[Brief descriptive captions]
--------

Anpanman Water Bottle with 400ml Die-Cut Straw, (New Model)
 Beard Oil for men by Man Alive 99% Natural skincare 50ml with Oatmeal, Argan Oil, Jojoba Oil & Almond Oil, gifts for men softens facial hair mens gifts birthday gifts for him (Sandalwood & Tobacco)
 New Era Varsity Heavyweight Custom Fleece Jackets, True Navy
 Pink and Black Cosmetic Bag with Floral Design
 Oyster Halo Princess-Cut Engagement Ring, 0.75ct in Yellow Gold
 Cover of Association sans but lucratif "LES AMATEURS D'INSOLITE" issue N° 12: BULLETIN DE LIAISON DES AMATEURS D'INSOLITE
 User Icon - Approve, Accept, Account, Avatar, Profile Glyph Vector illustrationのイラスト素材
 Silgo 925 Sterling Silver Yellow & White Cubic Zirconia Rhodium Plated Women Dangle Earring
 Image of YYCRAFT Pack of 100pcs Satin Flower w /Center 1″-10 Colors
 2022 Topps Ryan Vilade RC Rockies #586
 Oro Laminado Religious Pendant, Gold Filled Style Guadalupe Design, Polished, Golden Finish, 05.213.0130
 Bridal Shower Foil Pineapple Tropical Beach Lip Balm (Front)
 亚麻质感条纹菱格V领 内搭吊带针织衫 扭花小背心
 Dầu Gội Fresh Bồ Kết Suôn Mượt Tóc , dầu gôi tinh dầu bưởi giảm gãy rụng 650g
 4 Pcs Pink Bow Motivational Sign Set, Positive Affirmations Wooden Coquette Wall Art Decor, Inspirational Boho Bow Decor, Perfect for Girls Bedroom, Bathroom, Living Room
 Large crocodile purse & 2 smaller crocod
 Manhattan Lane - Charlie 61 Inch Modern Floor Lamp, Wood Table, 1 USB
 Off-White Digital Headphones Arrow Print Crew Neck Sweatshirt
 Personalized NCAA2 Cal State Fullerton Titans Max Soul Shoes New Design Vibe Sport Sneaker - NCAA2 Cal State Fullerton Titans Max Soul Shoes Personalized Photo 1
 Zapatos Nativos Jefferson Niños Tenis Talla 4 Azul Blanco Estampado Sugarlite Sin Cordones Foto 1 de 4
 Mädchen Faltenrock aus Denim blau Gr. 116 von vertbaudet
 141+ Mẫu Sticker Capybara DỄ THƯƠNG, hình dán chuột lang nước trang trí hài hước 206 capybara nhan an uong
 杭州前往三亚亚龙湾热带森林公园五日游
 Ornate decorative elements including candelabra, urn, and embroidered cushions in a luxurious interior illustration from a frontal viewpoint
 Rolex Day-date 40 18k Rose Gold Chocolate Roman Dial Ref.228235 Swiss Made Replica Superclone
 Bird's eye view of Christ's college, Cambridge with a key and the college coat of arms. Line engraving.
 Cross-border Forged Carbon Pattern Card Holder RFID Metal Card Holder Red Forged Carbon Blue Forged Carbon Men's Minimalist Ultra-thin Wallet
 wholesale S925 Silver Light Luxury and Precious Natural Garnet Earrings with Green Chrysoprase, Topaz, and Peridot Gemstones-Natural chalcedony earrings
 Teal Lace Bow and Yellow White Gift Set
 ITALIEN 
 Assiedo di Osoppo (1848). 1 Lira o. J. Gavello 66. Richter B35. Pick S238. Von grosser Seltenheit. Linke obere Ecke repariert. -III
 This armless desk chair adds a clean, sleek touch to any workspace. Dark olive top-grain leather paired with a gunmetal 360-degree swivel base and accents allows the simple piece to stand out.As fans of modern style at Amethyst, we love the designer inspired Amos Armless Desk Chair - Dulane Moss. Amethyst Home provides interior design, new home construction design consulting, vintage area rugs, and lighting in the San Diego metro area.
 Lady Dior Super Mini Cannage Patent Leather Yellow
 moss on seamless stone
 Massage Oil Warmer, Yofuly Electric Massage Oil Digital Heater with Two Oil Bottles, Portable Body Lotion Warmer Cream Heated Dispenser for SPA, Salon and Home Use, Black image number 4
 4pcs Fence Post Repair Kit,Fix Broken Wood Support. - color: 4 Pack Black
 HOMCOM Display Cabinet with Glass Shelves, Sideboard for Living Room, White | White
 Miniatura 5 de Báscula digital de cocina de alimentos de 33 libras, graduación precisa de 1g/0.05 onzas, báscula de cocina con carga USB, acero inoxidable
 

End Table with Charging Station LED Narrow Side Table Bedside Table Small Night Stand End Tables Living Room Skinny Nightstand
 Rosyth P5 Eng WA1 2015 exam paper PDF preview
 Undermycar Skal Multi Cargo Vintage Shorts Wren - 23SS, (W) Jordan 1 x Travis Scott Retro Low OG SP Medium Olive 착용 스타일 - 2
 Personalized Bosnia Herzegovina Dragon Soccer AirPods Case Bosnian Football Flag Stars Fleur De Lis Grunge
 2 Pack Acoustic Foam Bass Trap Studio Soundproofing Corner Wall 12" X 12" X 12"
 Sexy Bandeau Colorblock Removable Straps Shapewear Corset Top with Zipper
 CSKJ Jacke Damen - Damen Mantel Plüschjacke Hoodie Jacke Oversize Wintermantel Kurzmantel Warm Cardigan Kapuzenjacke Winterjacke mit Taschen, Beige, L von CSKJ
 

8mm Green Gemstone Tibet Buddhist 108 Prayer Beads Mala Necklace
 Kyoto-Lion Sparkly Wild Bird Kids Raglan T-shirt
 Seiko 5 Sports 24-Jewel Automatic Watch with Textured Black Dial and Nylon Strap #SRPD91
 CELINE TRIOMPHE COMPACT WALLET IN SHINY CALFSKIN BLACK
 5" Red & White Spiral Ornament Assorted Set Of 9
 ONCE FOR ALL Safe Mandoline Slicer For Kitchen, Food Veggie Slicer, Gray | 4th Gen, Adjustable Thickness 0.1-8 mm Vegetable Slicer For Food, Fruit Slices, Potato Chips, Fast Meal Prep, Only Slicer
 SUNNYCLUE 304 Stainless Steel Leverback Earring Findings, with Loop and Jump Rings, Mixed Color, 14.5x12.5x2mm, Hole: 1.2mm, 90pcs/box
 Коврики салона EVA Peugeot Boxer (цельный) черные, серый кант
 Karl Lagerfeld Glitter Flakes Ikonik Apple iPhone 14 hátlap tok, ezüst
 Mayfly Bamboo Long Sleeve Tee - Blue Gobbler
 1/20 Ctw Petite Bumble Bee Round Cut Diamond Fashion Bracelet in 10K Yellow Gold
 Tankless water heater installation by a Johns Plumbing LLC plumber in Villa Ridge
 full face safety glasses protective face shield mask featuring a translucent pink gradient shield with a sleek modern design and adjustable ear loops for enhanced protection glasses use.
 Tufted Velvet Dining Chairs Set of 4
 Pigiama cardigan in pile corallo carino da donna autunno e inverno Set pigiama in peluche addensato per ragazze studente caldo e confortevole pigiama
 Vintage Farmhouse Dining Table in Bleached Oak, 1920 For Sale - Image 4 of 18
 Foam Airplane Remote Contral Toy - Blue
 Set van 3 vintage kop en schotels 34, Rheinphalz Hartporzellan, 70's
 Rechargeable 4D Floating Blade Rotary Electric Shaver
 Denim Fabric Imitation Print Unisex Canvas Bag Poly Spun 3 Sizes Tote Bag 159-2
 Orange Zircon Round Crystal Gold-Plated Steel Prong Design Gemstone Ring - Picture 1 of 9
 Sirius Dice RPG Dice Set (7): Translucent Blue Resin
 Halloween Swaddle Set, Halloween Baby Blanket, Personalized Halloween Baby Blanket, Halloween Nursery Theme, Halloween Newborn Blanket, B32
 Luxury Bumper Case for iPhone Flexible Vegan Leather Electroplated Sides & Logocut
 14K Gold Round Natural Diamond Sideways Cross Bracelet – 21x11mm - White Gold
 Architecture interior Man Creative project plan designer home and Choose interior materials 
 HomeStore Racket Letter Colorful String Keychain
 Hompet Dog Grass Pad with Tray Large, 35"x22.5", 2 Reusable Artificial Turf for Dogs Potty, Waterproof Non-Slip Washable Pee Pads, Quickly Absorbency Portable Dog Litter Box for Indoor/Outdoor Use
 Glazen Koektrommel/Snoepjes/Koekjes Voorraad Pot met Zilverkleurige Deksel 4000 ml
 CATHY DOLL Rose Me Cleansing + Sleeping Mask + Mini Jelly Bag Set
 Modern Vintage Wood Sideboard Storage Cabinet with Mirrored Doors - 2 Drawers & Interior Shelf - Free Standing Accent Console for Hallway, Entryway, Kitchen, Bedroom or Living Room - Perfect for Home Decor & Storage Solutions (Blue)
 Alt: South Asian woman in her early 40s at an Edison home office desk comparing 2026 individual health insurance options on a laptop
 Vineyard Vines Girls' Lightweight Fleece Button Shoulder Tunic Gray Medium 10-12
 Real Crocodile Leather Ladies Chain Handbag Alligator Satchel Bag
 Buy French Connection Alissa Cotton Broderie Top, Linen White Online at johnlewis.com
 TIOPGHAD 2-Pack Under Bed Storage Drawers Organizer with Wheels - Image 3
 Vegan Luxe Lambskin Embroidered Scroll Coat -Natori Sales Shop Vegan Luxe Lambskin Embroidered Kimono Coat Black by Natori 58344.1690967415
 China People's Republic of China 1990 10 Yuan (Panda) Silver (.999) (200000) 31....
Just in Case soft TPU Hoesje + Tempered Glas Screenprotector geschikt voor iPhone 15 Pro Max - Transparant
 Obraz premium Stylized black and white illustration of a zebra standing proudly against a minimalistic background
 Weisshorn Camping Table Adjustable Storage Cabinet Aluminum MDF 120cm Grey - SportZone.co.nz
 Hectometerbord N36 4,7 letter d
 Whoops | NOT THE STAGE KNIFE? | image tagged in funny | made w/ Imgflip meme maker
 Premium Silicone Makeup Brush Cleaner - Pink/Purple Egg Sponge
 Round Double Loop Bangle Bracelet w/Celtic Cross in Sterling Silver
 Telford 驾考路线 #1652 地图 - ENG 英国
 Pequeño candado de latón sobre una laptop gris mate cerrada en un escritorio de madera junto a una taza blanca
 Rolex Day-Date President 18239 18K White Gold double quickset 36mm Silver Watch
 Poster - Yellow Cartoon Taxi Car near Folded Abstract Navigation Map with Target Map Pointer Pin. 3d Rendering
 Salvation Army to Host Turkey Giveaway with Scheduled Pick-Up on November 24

--------

§ **TASK BRIEF**: Could you set down, exactly as written, the lines above between the one holding "Set van 3 vintage" and the one holding "14K Gold Round", inclusive, and nothing more?

§ **ANSWER BOX**:
 Set van 3 vintage kop en schotels 34, Rheinphalz Hartporzellan, 70's
 Rechargeable 4D Floating Blade Rotary Electric Shaver
 Denim Fabric Imitation Print Unisex Canvas Bag Poly Spun 3 Sizes Tote Bag 159-2
 Orange Zircon Round Crystal Gold-Plated Steel Prong Design Gemstone Ring - Picture 1 of 9
 Sirius Dice RPG Dice Set (7): Translucent Blue Resin
 Halloween Swaddle Set, Halloween Baby Blanket, Personalized Halloween Baby Blanket, Halloween Nursery Theme, Halloween Newborn Blanket, B32
 Luxury Bumper Case for iPhone Flexible Vegan Leather Electroplated Sides & Logocut
 14K Gold Round Natural Diamond Sideways Cross Bracelet – 21x11mm - White Gold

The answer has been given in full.